=== Exercise description ===
Exact copy, pictures excluded: output the lines from the opening of the entries through the line bearing "Zippo Mazzi Snake".

=== Records to use ===

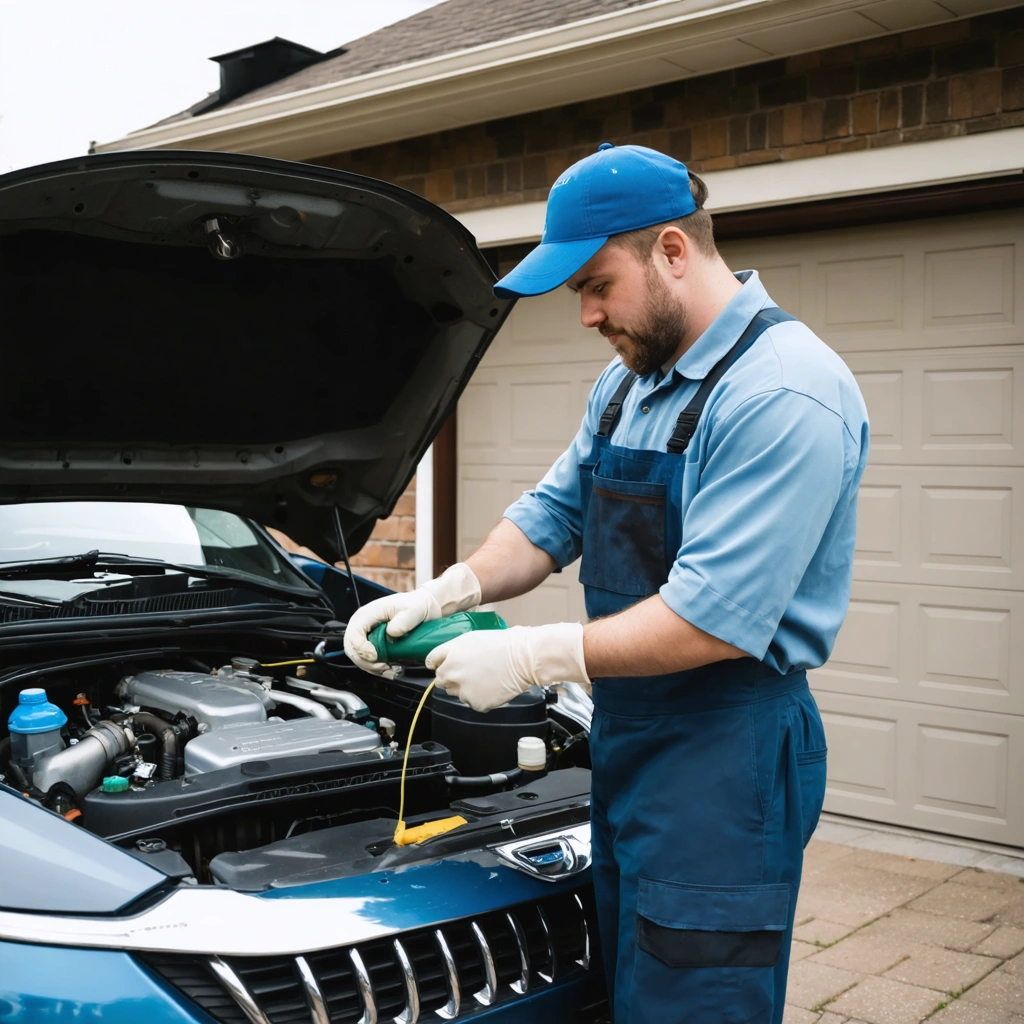 Un homme effectue lui-meme la purge du liquide de refroidissement d'une voiture capot ouvert avec un entonnoir et des outils dans une allee de garage.
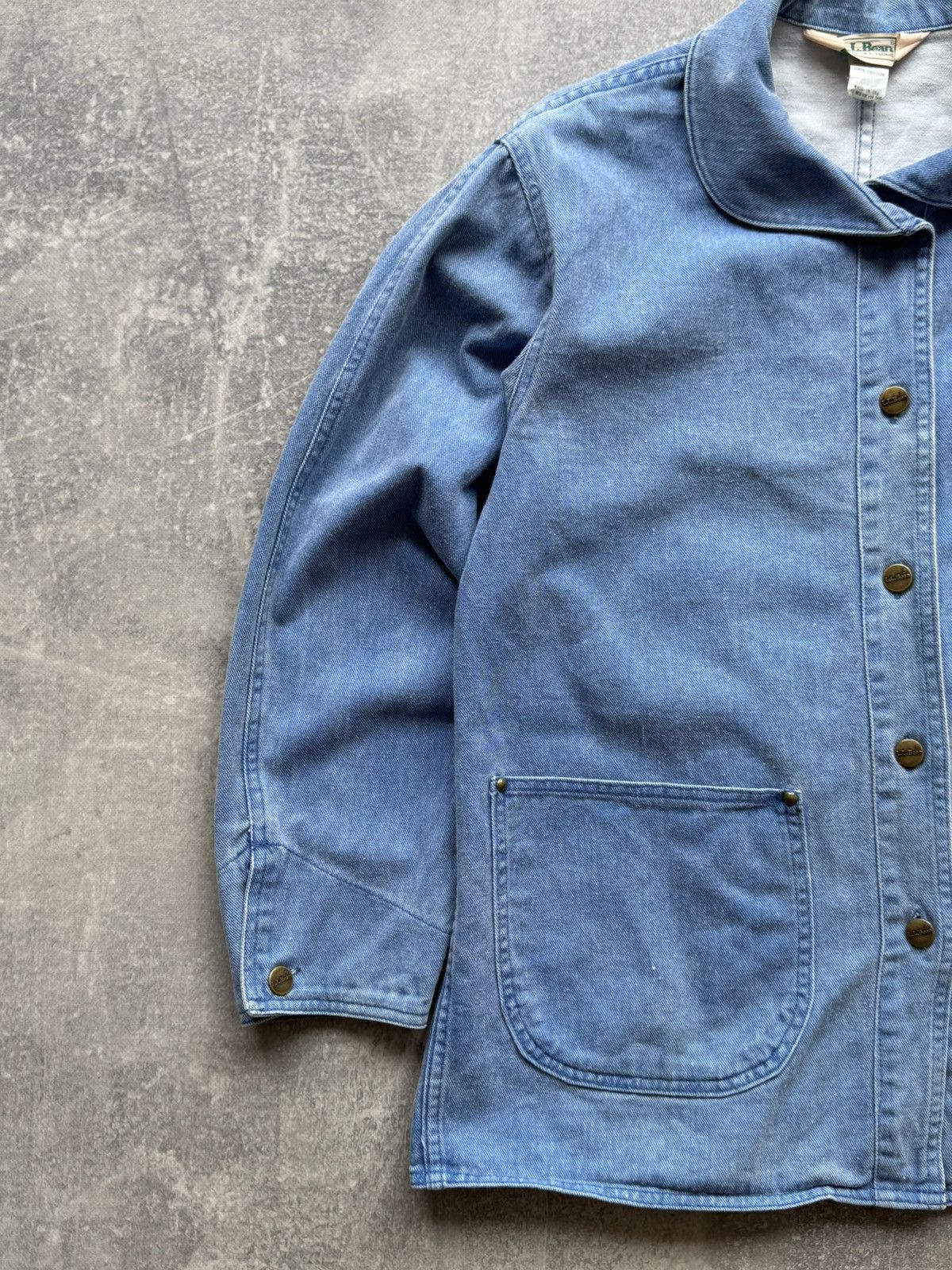 L.L. Bean 80s LL Bean Peter Pan Collar Chambray Chore Jacket Work Wear Size US L / EU 52-54 / 3 - 3 Thumbnail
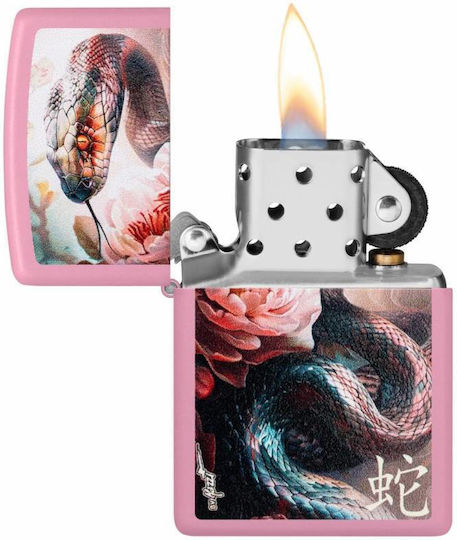 Zippo Mazzi Snake Flame Lighter in Pink Color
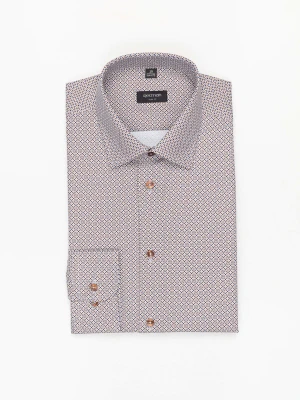 KOSZULA COLINE 3243T DŁUGI RĘKAW SLIM FIT BRĄZOWA Z BAWEŁNĄ Recman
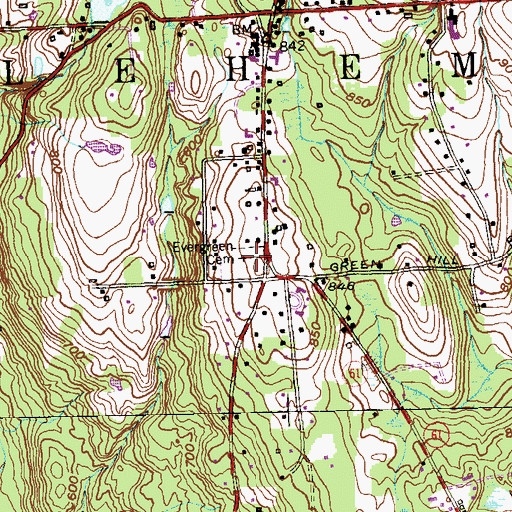 Topographic Map of Evergreen Cemetery, CT
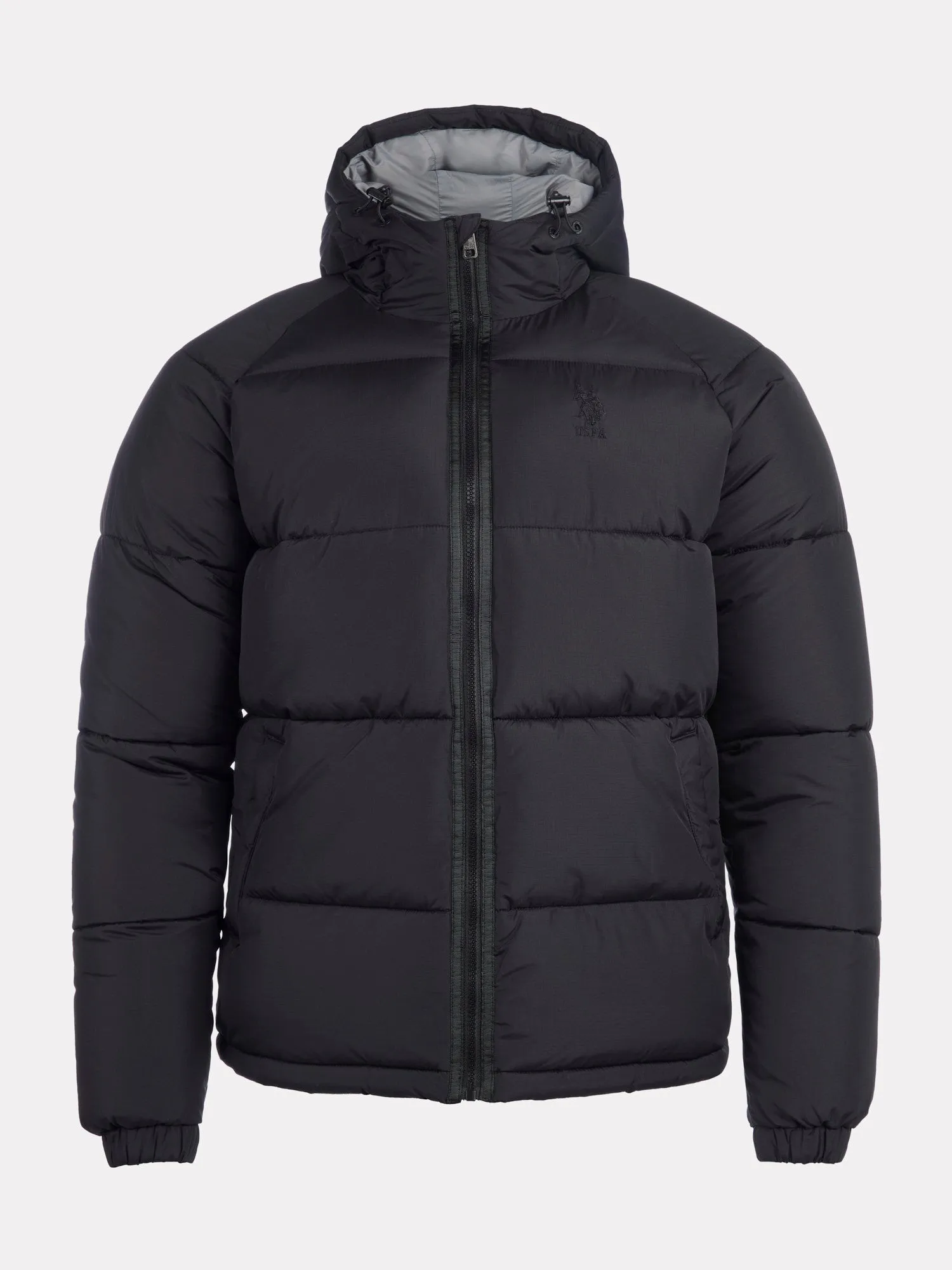 Mens Ripstop Hooded Puffer Jacket in Black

=== Completed exercise ===
 Un homme effectue lui-meme la purge du liquide de refroidissement d'une voiture capot ouvert avec un entonnoir et des outils dans une allee de garage.
 L.L. Bean 80s LL Bean Peter Pan Collar Chambray Chore Jacket Work Wear Size US L / EU 52-54 / 3 - 3 Thumbnail
 Zippo Mazzi Snake Flame Lighter in Pink Color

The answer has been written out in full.